### PROVIDED INFORMATION
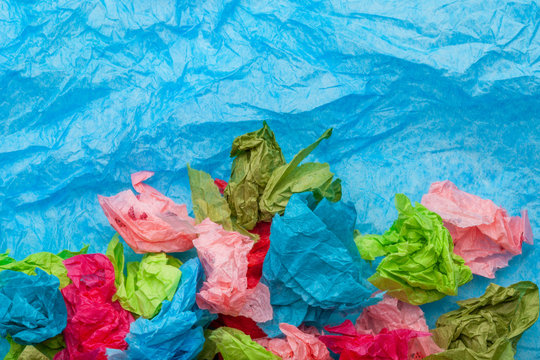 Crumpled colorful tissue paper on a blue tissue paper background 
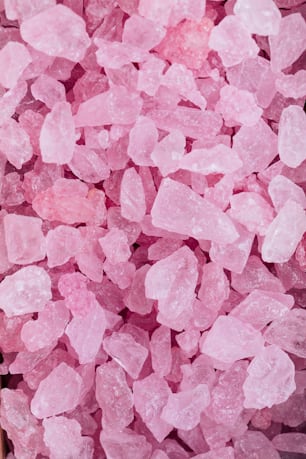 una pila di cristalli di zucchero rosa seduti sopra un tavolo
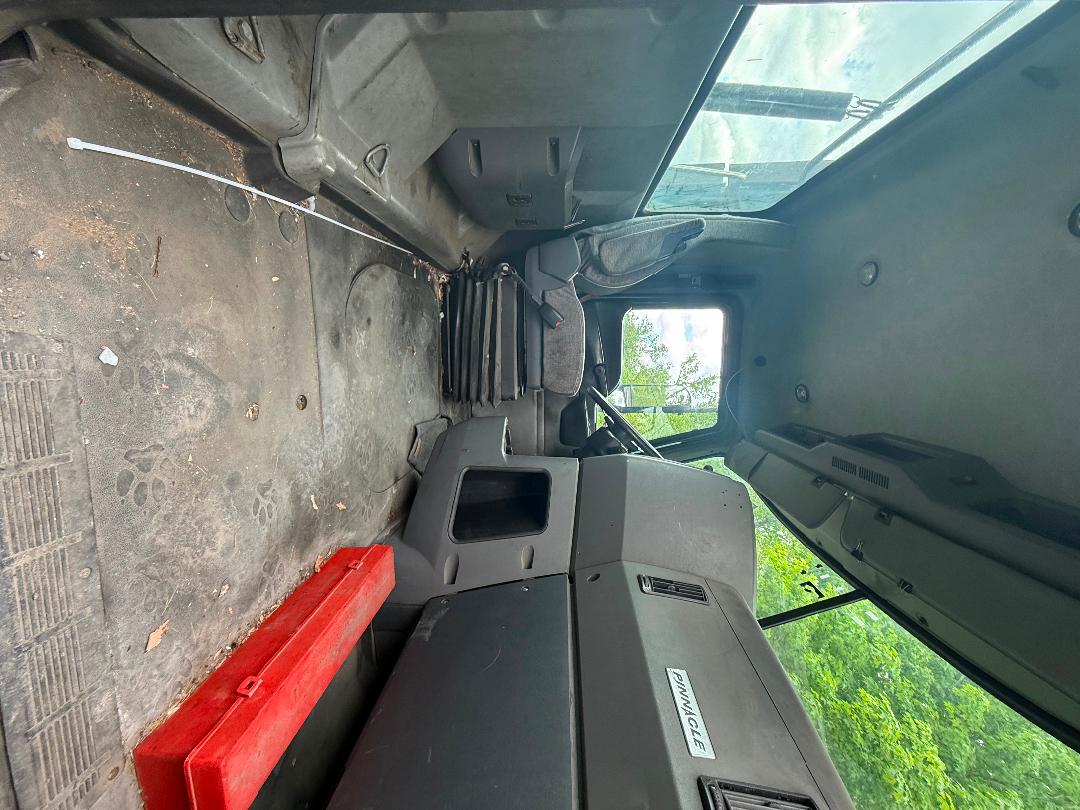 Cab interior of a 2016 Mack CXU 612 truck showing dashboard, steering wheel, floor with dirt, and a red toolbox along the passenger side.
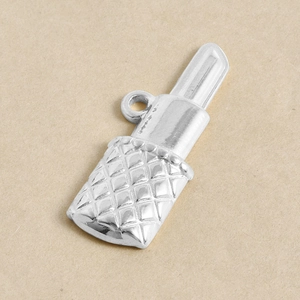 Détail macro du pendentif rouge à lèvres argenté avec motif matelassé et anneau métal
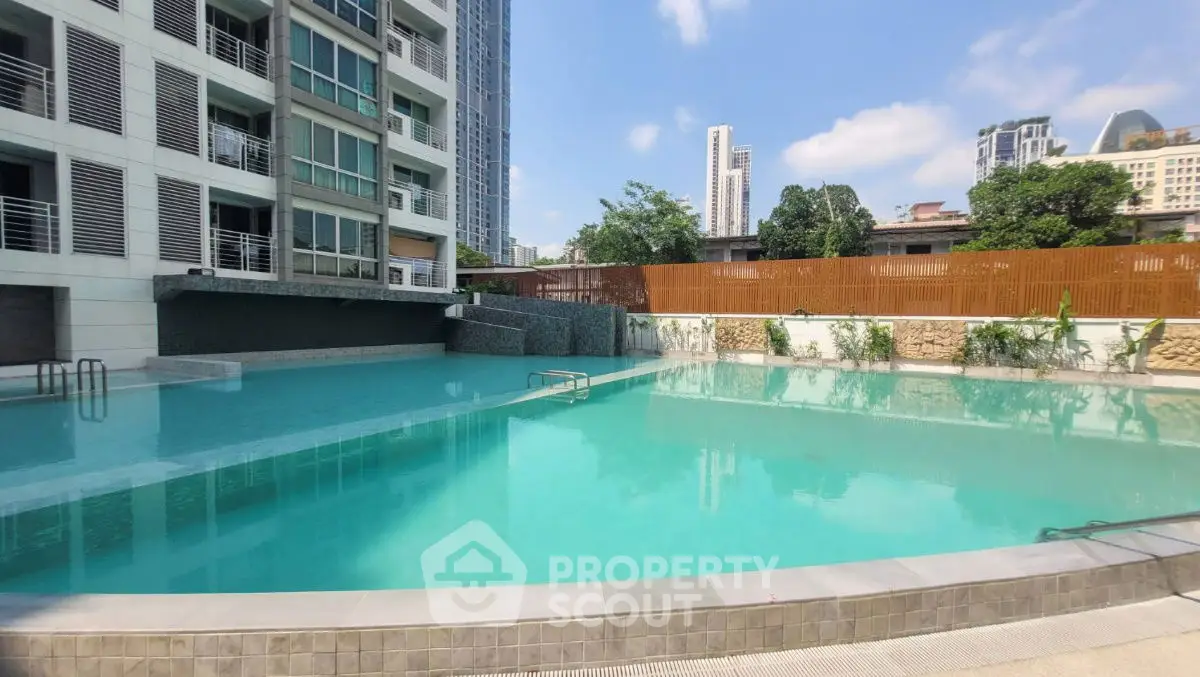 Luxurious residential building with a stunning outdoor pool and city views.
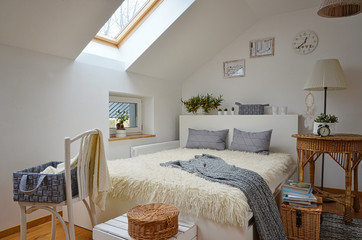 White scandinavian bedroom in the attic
* * *
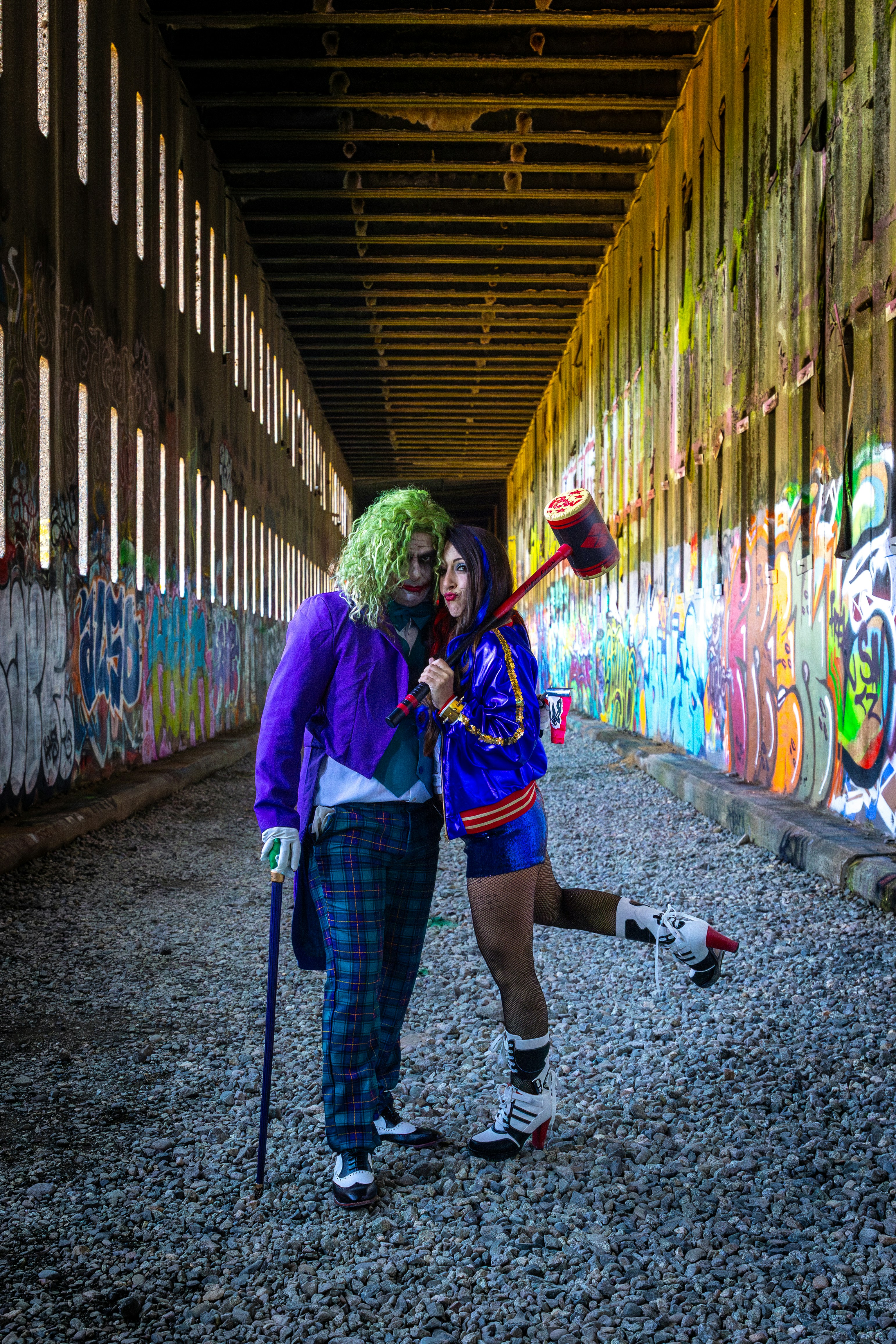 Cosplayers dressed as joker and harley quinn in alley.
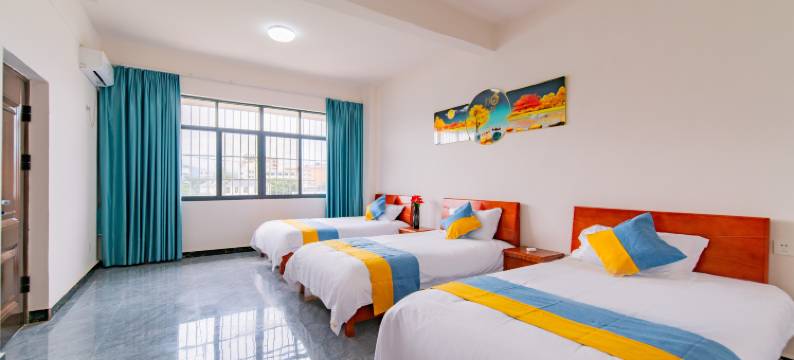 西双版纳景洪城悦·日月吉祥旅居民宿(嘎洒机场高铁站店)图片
==
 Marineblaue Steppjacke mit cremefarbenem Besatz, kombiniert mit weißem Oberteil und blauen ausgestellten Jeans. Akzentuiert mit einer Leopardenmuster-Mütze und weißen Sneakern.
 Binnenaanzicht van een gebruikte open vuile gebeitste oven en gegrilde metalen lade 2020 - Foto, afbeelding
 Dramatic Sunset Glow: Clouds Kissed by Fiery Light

### PROBLEM DESCRIPTION
Copy only these lines from the records above, exactly: the one with "Détail macro du", the one with "White scandinavian bedroom in the attic", and those between. Skip the pictures.

### RESPONSE
 Détail macro du pendentif rouge à lèvres argenté avec motif matelassé et anneau métal
 Luxurious residential building with a stunning outdoor pool and city views.
 White scandinavian bedroom in the attic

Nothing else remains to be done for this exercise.